▶ _Materials provided_:

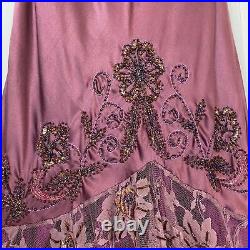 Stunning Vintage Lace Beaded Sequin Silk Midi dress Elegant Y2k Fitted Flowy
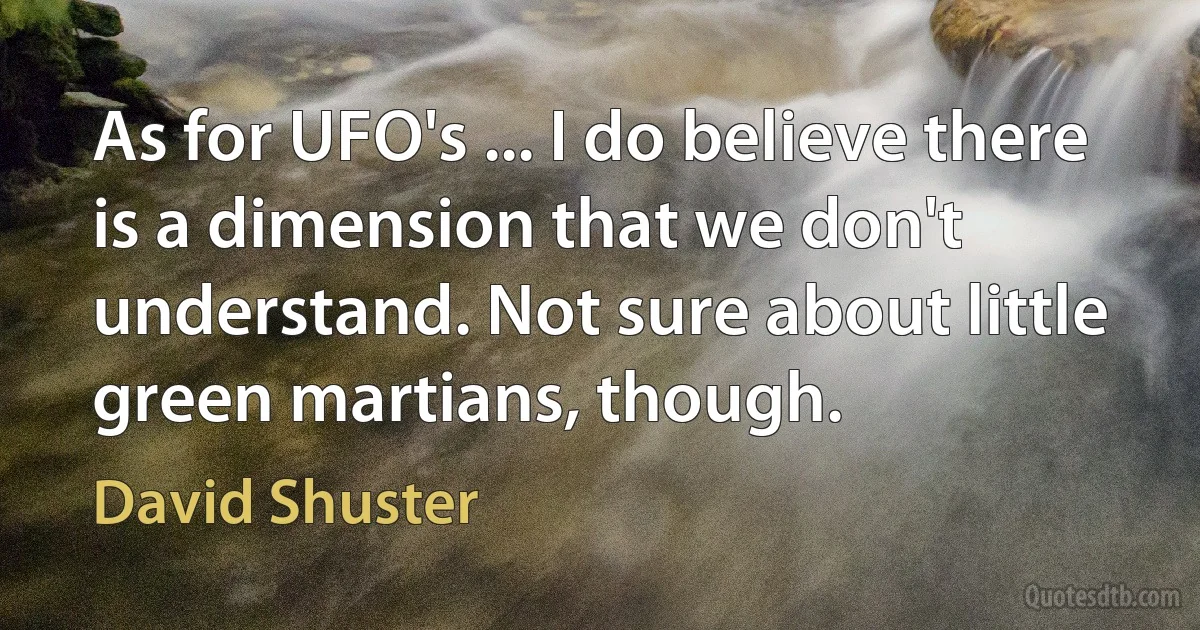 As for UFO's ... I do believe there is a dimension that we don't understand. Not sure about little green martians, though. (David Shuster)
--
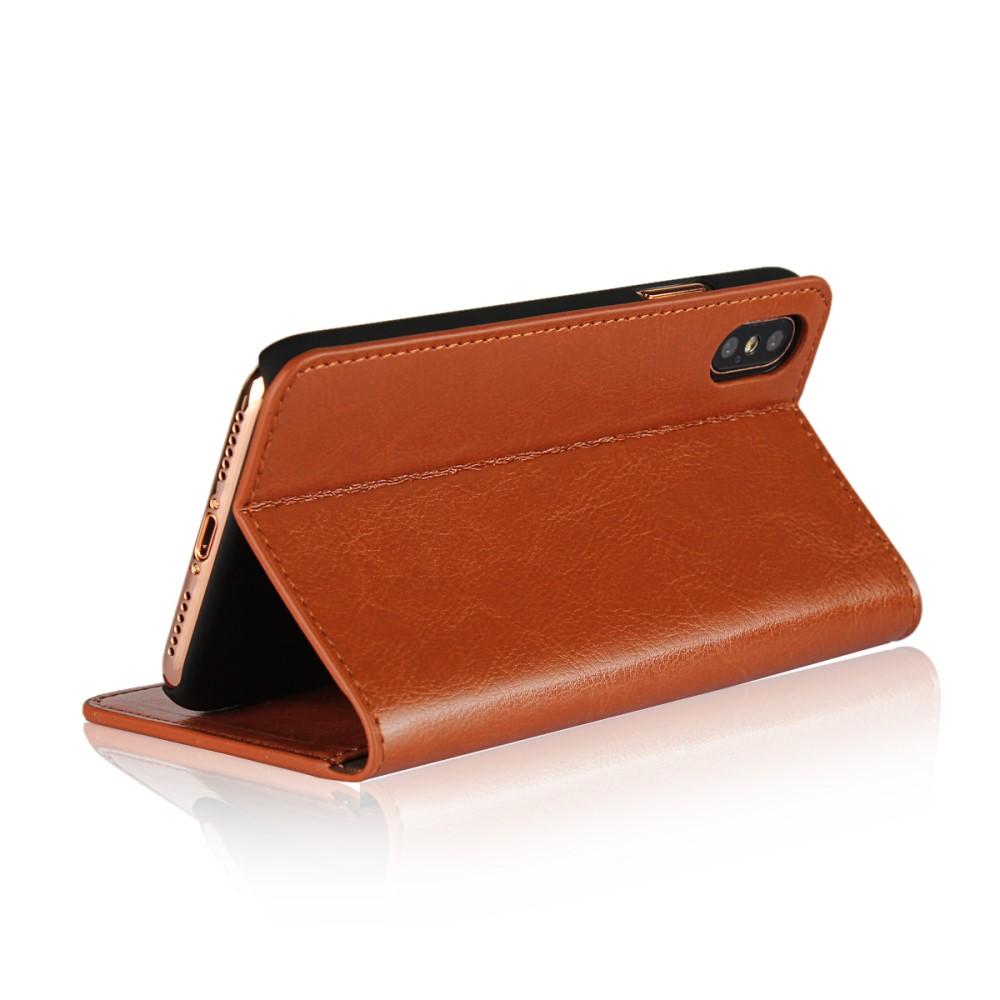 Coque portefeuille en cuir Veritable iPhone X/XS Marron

▶ _Assignment_: From the material above, output only the span of lines that starts at the one containing "Stunning Vintage Lace" and finishes at the one containing "As for UFO's", word for word and free of pictures.

▶ _Response_:
 Stunning Vintage Lace Beaded Sequin Silk Midi dress Elegant Y2k Fitted Flowy
 As for UFO's ... I do believe there is a dimension that we don't understand. Not sure about little green martians, though. (David Shuster)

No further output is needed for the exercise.